STRUKTUR DAN BAGAN ORGANISASI

                   

Struktur kepengurusan menunjukkan Susunan Pengurus Remaja Masjid sesuai dengan jabatan, wewenang dan tanggungjawabnya. Sedang  bagan  organisasi merupakan gambar  struktur  organisasi Remaja Masjid yang menunjukkan posisi, hirarki, rentang kendali dan lain sebagainya. Bagan organisasi biasanya berbentuk kotak-kotak kedudukan yang dihubungkan oleh  garis-garis wewenang, baik instruksional ataupun koordinatif. Adapun  manfaat  yang  dapat   diperoleh Remaja Masjid dengan  menggunakan  bagan organisasi adalah:

a.   Dapat  diketahui besar-kecilnya organisasi Remaja Masjid.

b.   Mudah  diketahui   garis-garis   saluran wewenang  dan tanggung jawab pengurus.

c.   Bisa diketahui masing-masing bidang kerja dan jabatan Pengurus yang ada.

d.   Bisa  untuk  mengetahui  perincian aktivitas  satuan organisasi maupun tugas setiap Pengurus.

e.   Dapat untuk mengetahui nama, foto dan kedudukan masing-masing Pengurus.

f.    Dapat  untuk   menilai   apakah   suatu Remaja Masjid telah menerapkan prinsip-prinsip organisasi dengan baik atau belum.

 

 

 

 

 

 

 

 

 

 

 

 

 

 

 

Keterangan :

                        : Garis instruksi.

                        : Garis koordinasi.

 

Gambar: Contoh Bagan Organisasi Remaja Masjid

 

 

 

PERKEMBANGAN ORGANISASI

 

Remaja Masjid yang  maju,  modern   dan  memiliki  kegiatan beraneka ragam  serta  mampu   meningkatkan    ketaqwaan   anggotanya    adalah   merupakan   organisasi   kemasjidan   yang   sangat   diharapkan.

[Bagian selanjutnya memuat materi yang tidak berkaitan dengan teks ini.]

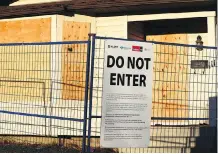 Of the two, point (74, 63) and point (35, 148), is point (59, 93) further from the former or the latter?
point (35, 148)

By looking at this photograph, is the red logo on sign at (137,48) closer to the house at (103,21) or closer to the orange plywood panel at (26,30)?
the house at (103,21)

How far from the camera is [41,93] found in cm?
991

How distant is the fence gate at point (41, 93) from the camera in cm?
965

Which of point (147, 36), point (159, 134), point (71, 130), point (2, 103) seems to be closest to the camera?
point (159, 134)

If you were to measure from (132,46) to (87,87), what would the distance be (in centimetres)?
101

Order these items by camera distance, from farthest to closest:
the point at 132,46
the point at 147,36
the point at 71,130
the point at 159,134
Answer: the point at 147,36 → the point at 71,130 → the point at 159,134 → the point at 132,46

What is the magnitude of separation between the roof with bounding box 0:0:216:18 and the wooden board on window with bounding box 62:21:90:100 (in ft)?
1.37

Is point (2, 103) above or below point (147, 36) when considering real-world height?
below

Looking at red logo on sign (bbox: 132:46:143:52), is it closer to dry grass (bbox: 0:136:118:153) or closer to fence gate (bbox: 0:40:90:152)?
dry grass (bbox: 0:136:118:153)

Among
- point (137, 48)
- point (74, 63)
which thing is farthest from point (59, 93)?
point (137, 48)

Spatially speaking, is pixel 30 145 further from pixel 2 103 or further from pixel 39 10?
pixel 39 10

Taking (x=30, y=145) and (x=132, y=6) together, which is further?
(x=132, y=6)

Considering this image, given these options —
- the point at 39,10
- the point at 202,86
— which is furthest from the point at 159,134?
the point at 39,10

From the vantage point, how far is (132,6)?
10.4m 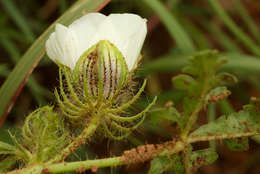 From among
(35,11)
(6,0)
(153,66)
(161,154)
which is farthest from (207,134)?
(35,11)

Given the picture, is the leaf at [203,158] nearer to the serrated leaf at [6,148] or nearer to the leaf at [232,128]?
the leaf at [232,128]

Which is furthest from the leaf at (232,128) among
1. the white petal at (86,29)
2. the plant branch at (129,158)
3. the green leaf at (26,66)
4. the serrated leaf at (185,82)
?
the green leaf at (26,66)

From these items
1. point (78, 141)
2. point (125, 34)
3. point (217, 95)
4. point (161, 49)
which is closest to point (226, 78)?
point (217, 95)

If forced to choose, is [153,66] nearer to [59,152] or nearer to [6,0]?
[6,0]

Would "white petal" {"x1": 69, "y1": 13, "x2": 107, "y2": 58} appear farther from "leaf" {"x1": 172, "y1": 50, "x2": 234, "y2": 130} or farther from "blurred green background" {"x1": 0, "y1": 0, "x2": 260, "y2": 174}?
"blurred green background" {"x1": 0, "y1": 0, "x2": 260, "y2": 174}

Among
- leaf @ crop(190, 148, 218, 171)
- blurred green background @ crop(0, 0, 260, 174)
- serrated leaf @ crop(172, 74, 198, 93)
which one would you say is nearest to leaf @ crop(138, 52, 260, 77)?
blurred green background @ crop(0, 0, 260, 174)

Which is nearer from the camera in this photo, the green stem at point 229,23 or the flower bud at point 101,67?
the flower bud at point 101,67

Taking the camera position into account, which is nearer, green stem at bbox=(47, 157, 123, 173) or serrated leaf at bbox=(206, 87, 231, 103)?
green stem at bbox=(47, 157, 123, 173) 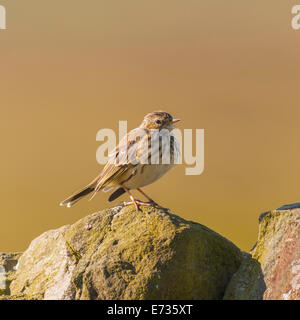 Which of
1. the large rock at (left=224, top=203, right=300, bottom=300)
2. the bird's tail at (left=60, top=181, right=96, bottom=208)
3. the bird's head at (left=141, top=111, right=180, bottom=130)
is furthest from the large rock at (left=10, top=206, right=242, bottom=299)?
the bird's head at (left=141, top=111, right=180, bottom=130)

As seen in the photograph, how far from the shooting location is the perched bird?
661 centimetres

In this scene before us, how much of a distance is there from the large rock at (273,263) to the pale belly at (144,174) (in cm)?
144

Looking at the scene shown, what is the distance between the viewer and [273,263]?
5.19 m

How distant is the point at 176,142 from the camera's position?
696cm

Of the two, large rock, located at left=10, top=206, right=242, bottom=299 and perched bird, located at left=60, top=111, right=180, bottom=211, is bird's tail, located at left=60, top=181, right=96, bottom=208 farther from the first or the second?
large rock, located at left=10, top=206, right=242, bottom=299

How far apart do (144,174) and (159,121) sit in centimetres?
83

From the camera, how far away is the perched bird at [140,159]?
21.7 feet

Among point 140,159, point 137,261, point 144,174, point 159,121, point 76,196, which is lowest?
point 137,261

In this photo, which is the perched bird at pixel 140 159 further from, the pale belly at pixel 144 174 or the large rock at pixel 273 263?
the large rock at pixel 273 263

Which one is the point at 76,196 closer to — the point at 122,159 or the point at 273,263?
the point at 122,159

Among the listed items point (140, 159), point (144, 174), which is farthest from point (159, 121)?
point (144, 174)

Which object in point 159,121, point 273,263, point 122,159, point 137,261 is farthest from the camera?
point 159,121
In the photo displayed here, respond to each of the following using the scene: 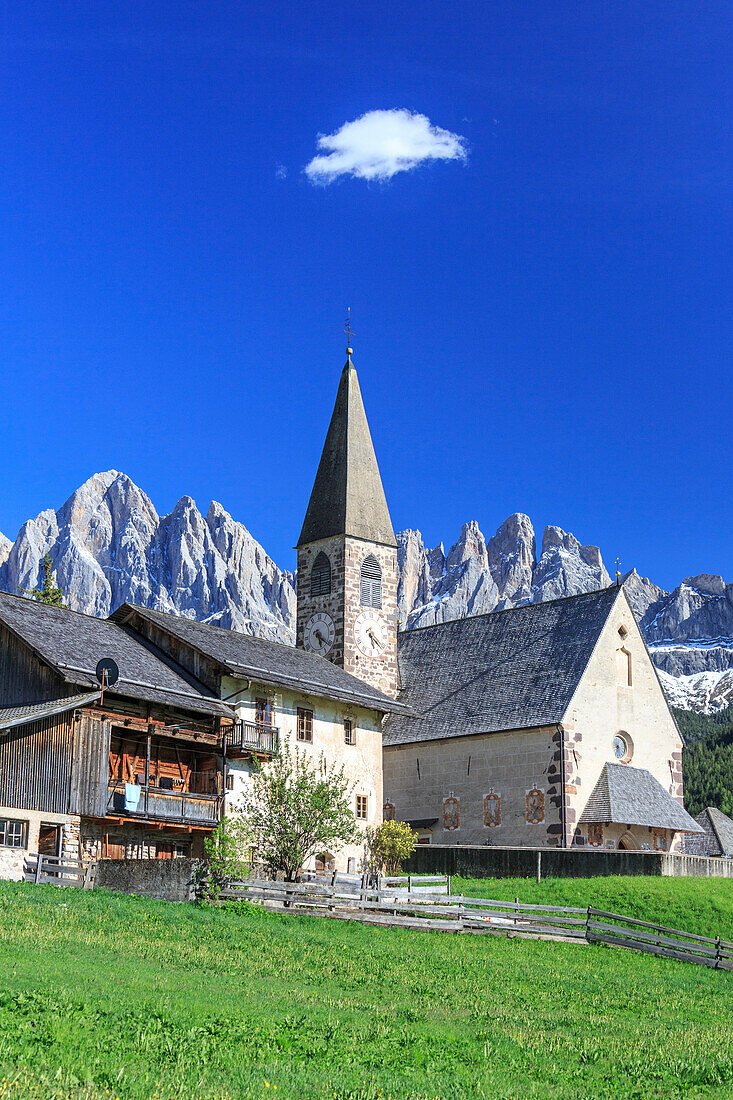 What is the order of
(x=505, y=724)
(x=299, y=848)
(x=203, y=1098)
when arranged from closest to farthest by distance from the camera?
(x=203, y=1098)
(x=299, y=848)
(x=505, y=724)

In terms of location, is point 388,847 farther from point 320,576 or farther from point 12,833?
point 320,576

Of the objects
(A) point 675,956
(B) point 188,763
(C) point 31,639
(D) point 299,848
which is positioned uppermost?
(C) point 31,639

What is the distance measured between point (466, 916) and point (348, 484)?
3086 cm

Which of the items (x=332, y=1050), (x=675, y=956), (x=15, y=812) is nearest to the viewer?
(x=332, y=1050)

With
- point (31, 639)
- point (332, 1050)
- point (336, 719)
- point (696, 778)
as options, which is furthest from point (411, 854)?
point (696, 778)

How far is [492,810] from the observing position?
4906cm

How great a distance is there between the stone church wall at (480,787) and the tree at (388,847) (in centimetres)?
556

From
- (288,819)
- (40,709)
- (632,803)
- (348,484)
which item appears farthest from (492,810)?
(40,709)

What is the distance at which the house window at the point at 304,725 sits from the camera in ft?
143

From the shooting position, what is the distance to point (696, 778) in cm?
12194

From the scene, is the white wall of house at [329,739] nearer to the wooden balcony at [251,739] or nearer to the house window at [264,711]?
the house window at [264,711]

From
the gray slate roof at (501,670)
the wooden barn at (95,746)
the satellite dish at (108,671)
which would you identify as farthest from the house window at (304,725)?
the satellite dish at (108,671)

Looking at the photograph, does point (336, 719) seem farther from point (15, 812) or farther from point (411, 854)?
point (15, 812)

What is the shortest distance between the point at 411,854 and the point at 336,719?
6.28m
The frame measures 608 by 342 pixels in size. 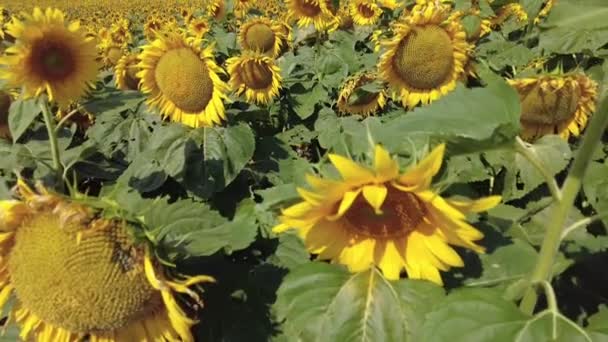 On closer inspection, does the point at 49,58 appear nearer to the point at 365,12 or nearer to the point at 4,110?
the point at 4,110

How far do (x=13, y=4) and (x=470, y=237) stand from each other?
105ft

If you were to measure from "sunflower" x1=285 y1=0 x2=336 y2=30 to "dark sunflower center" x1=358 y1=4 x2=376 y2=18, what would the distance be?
1.93 ft

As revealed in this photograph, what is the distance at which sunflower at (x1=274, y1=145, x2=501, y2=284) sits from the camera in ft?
3.27

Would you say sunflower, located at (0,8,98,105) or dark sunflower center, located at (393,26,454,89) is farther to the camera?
dark sunflower center, located at (393,26,454,89)

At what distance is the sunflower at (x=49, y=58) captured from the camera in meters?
1.81

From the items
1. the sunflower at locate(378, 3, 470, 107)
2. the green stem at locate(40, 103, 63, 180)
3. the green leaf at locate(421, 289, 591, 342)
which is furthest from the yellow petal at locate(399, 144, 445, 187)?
the sunflower at locate(378, 3, 470, 107)

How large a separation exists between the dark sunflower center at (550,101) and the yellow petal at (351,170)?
163 cm

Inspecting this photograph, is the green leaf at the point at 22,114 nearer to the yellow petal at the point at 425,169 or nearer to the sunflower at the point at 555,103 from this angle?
the yellow petal at the point at 425,169

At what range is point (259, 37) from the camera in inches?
173

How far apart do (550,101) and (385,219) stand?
1580 mm

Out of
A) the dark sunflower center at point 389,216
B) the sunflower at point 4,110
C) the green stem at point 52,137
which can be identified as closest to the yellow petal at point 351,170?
the dark sunflower center at point 389,216

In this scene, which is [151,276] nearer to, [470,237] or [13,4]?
[470,237]

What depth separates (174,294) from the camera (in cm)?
123

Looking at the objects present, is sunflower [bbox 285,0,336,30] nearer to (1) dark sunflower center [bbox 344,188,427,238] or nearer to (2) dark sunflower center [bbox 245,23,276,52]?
(2) dark sunflower center [bbox 245,23,276,52] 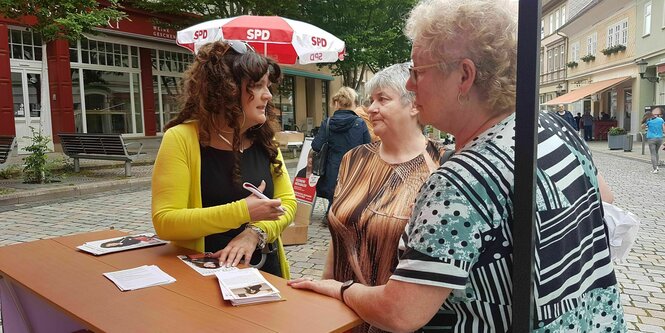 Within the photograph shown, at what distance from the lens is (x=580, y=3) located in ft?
5.47

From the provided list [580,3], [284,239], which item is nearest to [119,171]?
[284,239]

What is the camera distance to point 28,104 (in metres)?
15.0

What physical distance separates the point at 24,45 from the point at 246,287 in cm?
1640

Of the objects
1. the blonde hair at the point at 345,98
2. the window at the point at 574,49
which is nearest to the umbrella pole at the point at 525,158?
the window at the point at 574,49

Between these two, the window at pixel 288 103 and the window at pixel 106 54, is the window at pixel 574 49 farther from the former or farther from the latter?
the window at pixel 288 103

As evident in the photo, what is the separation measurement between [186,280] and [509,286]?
3.65ft

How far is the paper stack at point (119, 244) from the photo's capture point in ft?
7.06

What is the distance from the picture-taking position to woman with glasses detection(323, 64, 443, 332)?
1962mm

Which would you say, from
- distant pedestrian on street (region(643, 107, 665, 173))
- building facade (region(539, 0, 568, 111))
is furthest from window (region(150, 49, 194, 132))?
building facade (region(539, 0, 568, 111))

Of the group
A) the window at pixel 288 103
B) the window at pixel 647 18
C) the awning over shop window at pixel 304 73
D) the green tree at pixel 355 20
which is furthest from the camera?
the window at pixel 288 103

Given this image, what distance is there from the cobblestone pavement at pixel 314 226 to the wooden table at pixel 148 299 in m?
2.63

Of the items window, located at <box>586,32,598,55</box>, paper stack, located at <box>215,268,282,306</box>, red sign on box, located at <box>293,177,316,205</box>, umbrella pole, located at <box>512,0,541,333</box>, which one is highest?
window, located at <box>586,32,598,55</box>

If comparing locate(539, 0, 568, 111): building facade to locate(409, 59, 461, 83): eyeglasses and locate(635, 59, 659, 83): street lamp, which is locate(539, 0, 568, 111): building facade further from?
locate(635, 59, 659, 83): street lamp

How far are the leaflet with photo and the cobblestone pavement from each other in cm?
258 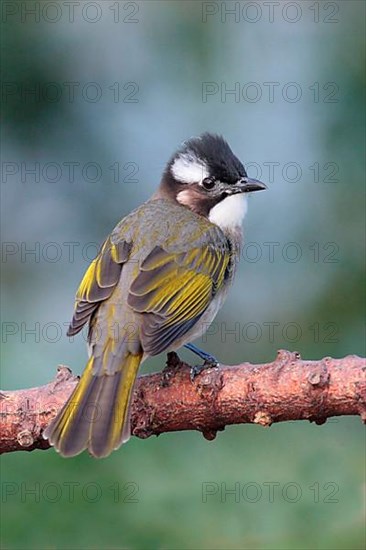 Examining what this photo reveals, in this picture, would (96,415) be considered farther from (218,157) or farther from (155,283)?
(218,157)

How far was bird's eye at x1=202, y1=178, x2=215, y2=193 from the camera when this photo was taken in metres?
4.16

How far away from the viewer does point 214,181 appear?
416 cm

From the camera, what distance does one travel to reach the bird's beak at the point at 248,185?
4070 mm

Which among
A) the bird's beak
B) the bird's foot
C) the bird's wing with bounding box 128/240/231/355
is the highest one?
the bird's beak

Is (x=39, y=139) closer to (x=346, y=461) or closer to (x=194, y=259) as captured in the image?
(x=194, y=259)

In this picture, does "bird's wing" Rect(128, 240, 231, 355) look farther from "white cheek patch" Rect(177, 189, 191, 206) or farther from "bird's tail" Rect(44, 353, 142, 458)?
"white cheek patch" Rect(177, 189, 191, 206)

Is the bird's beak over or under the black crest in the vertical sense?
under

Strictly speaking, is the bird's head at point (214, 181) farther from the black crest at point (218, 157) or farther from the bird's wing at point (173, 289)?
the bird's wing at point (173, 289)

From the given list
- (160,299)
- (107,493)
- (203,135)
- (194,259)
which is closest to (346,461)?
(107,493)

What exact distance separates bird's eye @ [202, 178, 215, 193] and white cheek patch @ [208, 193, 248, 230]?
80 millimetres

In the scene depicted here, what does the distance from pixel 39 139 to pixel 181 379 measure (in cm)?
175

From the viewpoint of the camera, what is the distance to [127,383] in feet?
10.3

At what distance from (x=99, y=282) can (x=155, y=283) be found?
198 mm

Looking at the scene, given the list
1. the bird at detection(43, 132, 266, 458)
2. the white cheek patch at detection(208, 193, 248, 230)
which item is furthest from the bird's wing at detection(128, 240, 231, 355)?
the white cheek patch at detection(208, 193, 248, 230)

Namun, untuk mencapai hal tersebut butuh waktu dan perjuangan yang panjang. Ada tiga   fase   dalam   tahap perkembangan  organisasi ini, yaitu: fase  penumbuhan, pembinaan dan pengembangan organisasi. Untuk menuju organisasi Remaja Masjid yang maju diperlukan kerja keras dan kinerja yang profesional para Pengurusnya.

 

MANAGEMENT REMAJA MASJID

 

Organisasi dan management bagaikan tubuh dengan jiwanya.  Keduanya merupakan  satu  kesatuan  yang tidak  bisa dipisahkan, karena di dalam  usaha  pencapaian tujuan  organisasi yang bersifat statis  harus  digerakkan oleh sesuatu yang dinamis yang disebut dengan menagement. Management  adalah  suatu proses  yang  terdiri  dari perencanaan (planning),  pengorganisasian  (organizing), pelaksanaan (actuating) dan  pengawasan  (controlling) dengan memanfaatkan ilmu dan seni dalam usaha   mencapai   tujuan   yang   telah   ditetapkan sebelumnya.

Planning adalah   proses pemikiran  dan  pengaturan yang  matang  untuk masa  akan datang dengan menentukan  kegiatan-kegiatannya. Organizing merupakan pengaturan  segala perangkat dan  sumber  daya sedemikian   rupa  sehingga   merupakan   satu kesatuan organisasi yang harmonis dan dikelola untuk  mencapai tujuan yang telah  ditetapkan. Actuating bermakna  tindakan Pengurus dan anggota dalam rangkaian  kegiatan untuk   menjalankan  roda organisasi Remaja Masjid dalam rangka mencapai  tujuan. Controlling merupakan tindakan mengawasi, mengarahkan dan mengatur pelaksanaan kegiatan Remaja Masjid agar  sesuai  dengan program dan  tujuan  yang telah  ditetapkan.

Adapun  hubungan  antara management dengan disiplin ilmu lainnya dalam lingkup ilmu administrasi dapat digambarkan sebagai berikut:

 

 

 

 

 

 

 

 

 

 

 

 

 

 

            Gambar: Hubungan management dengan disiplin ilmu lainnya

 

Management juga diartikan sebagai pimpinan lembaga / perusahaan. Sehingga kita  dapat mengenal  tingkat-tingkat  (level)  management   yang biasa  disebut  dengan  pimpinan  tingkat  atas  (Top Managemen),   pimpinan   tingkat menengah (Middle Management), pimpinan tingkat bawah (Lower Management).

Management sebagai aktivitas manusia sudah ada  sejak lama atau dapat dikatakan bahwa semenjak suatu  usaha dikerjakan  oleh  lebih dari satu  orang  kita  sudah dapati  suatu macam management. Management  tersebut sifatnya   sangat  sederhana  dan   bekerja   menurut tradisi. Pada awal abad ke-dua puluh F.W. Taylor  dan  H. Fayol mengembangkan management sebagai ilmu, sehingga mereka dikenal sebagai pelopor dalam ilmu management. Selanjutnya  ilmu   management   maupun penerapannya semakin berkembang sampai sekarang.

 

 

PERAN MANAGEMENT DALAM MENCAPAI TUJUAN

 

Organisasi  adalah  wadah  serta  proses  kerja  sama sejumlah  manusia yang terikat dalam hubungan  formal dalam  rangkaian hirarki untuk mencapai  tujuan  yang telah  ditentukan. Organisasi bukanlah tujuan  tetapi alat  untuk  mencapai  tujuan.  Sebagai  bagian  dari administrasi,   organisasi  adalah  merupakan   wadah dimana  kegiatan  management dijalankan.  Karena  itu tujuan  dari organisasi adalah juga merupakan  tujuan management.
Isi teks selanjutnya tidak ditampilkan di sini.